■ What needs to be done ■
Across these entries, report how many lines include the string "Black", with nothing but the number.
--- Records shown ---
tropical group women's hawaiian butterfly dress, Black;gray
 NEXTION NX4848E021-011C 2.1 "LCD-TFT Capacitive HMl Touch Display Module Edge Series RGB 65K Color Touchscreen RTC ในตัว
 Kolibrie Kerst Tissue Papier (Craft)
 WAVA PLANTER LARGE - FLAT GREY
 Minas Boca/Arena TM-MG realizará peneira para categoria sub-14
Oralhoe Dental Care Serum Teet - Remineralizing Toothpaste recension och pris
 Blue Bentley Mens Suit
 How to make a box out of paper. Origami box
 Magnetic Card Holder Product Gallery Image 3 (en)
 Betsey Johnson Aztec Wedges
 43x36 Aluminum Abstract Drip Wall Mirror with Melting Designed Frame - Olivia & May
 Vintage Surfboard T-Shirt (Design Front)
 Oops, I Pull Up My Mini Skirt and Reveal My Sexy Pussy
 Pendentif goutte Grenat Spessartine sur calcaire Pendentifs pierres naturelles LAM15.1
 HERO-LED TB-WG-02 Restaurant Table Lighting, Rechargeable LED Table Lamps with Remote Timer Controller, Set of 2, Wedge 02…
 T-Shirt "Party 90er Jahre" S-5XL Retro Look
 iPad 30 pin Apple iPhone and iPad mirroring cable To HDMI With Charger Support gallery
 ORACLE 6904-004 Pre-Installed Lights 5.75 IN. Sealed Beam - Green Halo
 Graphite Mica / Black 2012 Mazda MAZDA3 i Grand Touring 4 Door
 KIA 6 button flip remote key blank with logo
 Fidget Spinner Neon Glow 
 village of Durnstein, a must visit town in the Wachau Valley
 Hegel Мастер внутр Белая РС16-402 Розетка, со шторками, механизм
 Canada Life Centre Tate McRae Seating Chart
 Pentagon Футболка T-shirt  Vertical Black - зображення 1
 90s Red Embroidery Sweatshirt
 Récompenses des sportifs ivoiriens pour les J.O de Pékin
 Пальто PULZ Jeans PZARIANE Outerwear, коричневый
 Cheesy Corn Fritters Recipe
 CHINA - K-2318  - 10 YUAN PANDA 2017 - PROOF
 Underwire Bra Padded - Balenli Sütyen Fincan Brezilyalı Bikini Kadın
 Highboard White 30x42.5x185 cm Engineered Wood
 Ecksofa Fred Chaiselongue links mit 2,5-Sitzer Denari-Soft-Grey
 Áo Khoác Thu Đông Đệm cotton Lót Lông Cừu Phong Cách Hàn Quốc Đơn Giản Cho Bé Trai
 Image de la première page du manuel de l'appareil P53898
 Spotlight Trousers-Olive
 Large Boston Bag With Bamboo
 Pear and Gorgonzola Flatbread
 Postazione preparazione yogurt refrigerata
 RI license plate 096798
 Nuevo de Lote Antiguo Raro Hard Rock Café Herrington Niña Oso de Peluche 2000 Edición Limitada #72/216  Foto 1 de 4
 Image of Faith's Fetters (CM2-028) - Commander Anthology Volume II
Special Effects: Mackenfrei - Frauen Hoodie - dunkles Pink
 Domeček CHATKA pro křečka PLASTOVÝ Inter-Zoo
---
■ Exercise result ■
3